Face aux accusations de censure, la vice-présidente Henna Virkkunen a fermement répondu que l'amende contre X n'a rien à voir avec une quelconque censure de la liberté d'expression. Elle a souligné que le règlement sur les services numériques ne régule pas les contenus eux-mêmes, mais les services et systèmes qui mettent ces contenus à disposition des utilisateurs. Le DSA impose des obligations de transparence, de modération des contenus illicites et de protection des utilisateurs, sans porter atteinte à la liberté d'expression légitime.
Cette position a été largement saluée par les États membres et les responsables européens. La ministre française du Numérique, Anne Le Hénanff, a qualifié cette décision d'historique, affirmant que l'Europe prouve ainsi qu'elle peut passer de la parole aux actes. Martin Ajdari, président du régulateur français Arcom, a abondé dans le même sens, considérant que cette première sanction adresse un signal déterminé à X comme à l'ensemble des plateformes susceptibles d'enfreindre le règlement sur les services numériques.

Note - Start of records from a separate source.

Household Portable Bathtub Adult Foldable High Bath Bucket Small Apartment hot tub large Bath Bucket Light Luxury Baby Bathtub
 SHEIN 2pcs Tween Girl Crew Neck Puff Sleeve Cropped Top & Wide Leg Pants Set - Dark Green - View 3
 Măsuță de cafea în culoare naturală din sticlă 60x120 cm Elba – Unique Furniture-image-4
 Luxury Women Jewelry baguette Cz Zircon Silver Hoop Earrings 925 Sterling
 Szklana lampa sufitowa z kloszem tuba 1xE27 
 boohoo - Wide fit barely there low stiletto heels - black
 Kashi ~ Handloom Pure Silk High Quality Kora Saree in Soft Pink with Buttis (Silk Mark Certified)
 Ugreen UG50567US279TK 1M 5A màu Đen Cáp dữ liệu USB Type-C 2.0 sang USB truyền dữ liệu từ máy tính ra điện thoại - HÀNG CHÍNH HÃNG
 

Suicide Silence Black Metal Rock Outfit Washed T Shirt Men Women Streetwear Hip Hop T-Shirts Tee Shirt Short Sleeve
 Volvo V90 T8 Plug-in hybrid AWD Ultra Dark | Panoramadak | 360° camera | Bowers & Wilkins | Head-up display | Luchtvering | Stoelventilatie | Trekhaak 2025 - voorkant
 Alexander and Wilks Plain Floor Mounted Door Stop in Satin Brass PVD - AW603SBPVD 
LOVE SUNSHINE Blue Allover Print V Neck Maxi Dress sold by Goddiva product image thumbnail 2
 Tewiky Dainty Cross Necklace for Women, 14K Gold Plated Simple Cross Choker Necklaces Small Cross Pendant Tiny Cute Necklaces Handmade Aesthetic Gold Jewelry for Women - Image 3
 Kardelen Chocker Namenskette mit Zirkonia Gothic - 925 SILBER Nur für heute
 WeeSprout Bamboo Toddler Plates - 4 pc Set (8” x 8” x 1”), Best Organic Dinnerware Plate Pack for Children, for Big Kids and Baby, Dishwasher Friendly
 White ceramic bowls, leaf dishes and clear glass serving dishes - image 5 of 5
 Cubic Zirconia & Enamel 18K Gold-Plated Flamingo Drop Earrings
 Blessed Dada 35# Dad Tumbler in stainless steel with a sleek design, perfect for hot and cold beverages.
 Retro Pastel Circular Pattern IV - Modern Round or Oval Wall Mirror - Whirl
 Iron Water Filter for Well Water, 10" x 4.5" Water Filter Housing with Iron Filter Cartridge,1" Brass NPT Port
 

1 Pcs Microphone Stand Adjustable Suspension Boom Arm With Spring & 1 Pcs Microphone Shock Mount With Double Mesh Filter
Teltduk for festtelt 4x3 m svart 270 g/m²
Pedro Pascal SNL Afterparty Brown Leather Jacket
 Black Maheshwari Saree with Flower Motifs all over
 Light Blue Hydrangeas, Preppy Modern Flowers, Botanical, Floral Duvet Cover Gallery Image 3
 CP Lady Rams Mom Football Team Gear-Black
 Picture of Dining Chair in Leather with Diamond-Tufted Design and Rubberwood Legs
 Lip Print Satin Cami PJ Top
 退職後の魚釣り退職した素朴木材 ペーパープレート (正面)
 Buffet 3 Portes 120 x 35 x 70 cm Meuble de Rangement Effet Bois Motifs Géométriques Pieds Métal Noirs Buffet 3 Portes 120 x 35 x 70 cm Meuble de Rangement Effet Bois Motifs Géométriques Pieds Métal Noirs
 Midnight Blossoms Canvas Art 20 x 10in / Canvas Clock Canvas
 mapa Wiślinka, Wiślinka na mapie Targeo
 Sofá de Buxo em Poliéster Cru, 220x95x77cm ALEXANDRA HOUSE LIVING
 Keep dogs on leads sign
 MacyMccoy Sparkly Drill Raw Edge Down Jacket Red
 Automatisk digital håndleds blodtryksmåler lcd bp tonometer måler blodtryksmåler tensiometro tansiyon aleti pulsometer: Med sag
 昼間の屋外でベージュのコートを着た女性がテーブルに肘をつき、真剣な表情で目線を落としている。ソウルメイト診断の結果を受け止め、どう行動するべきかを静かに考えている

La ministre belge du Numérique, Vanessa Matz, a également salué cette décision qu'elle considère cruciale pour la protection des utilisateurs européens contre les pratiques trompeuses et les contenus illicites en ligne. Elle a souligné qu'il est primordial de mettre en œuvre pleinement les cadres réglementaires existants avant d'envisager toute révision, et que cette sanction envoie un signal clair : les plateformes doivent respecter leurs obligations ou s'exposer à des conséquences financières et juridiques lourdes.
La sanction de 120 millions d'euros ne porte que sur les trois infractions notifiées en juillet 2024. Cependant, l'Union européenne a élargi entre-temps son enquête sur X à d'autres soupçons de non-respect de ses obligations, notamment concernant la lutte contre les contenus illégaux et la désinformation.
Henna Virkkunen a précisé que ces investigations se poursuivent activement et qu'elle s'attend à ce qu'elles soient bouclées plus rapidement que la première procédure. Une enquête distincte examine également le fonctionnement des algorithmes de recommandation de la plateforme, qui peuvent amplifier certains contenus de manière opaque et potentiellement manipulatrice. Ces nouveaux dossiers pourraient aboutir à des sanctions supplémentaires dans les mois à venir.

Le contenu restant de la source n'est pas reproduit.